⟨
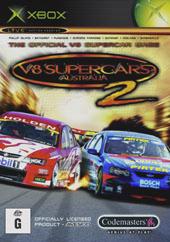 V8 Supercars Australia 2 PAL Xbox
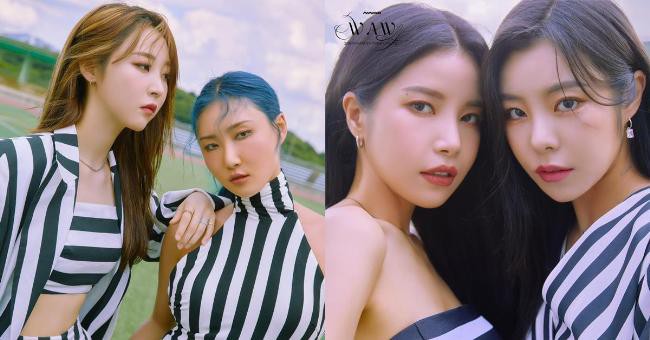 最新消息：MAMAMOO女团将要在九月推出精选专辑回归，也会收录新歌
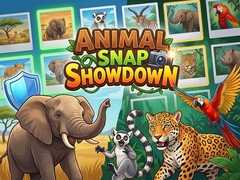 Παιχνίδι Animal Snap Showdown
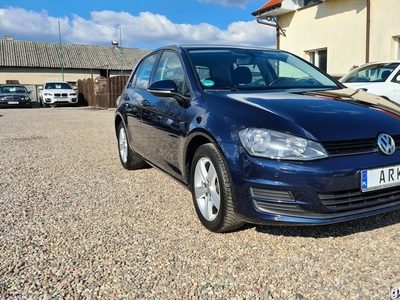 Volkswagen Golf VII Hatchback 3d 2.0 TDI-CR DPF 150KM 2013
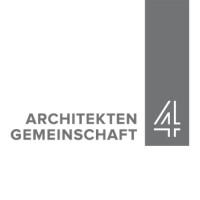 Architekten Gemeinschaft 4 AG Logo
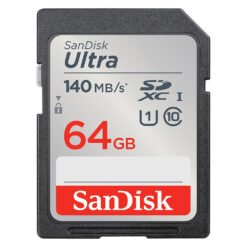 Tarjeta SanDisk Ultra 64 GB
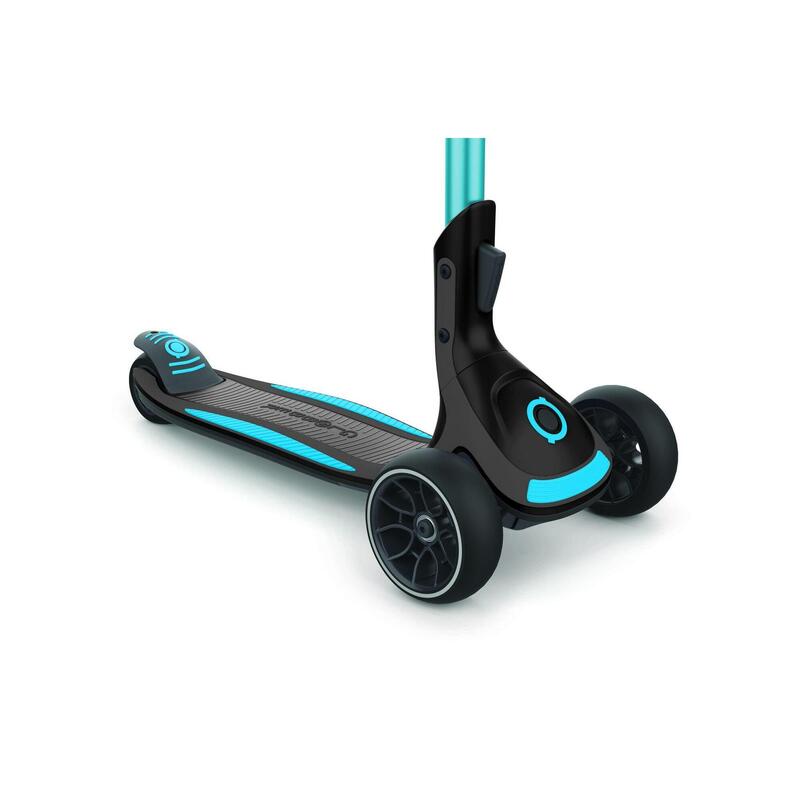 Trottinette ULTIMUM 3 roues évolutive - Bleu Aqua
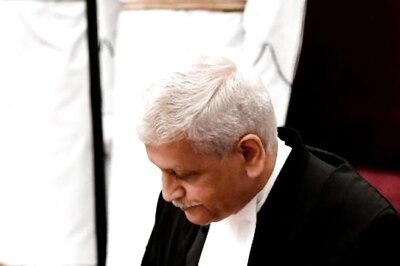 Constitution Bench to Sit Three Days a Week, Wrap Up One Case Weekly: CJI Draws Framework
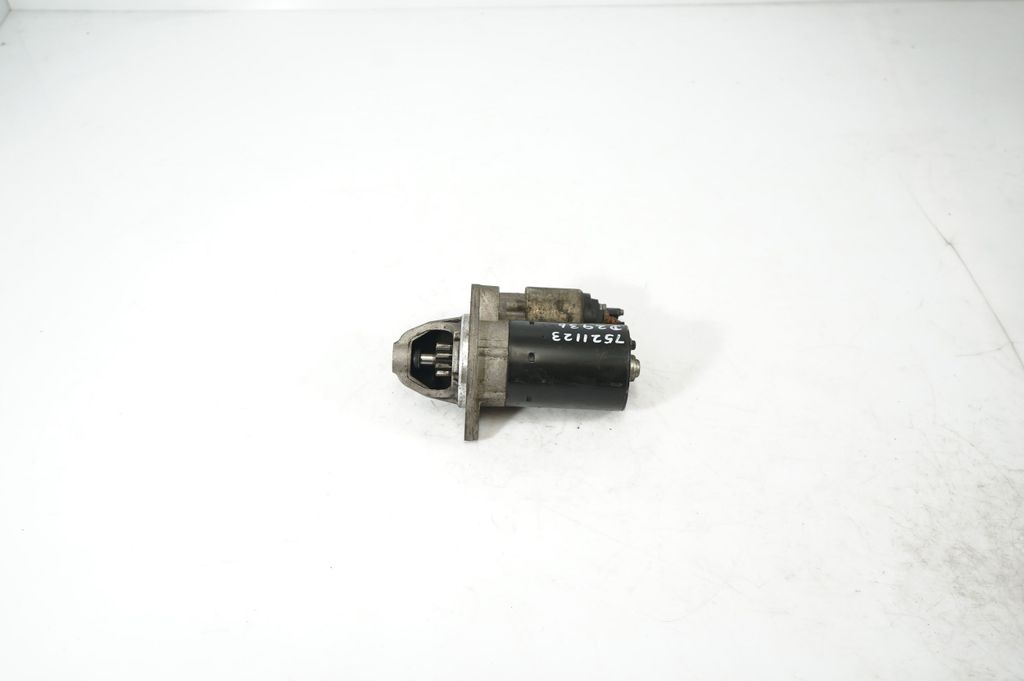 Starter motor (3)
⟩
### TASK REQUIREMENTS
With the pictures excluded, transcribe word for word only the lines from the one containing "Trottinette ULTIMUM 3" through the last line of the records.

### REPLY
 Trottinette ULTIMUM 3 roues évolutive - Bleu Aqua
 Constitution Bench to Sit Three Days a Week, Wrap Up One Case Weekly: CJI Draws Framework
 Starter motor (3)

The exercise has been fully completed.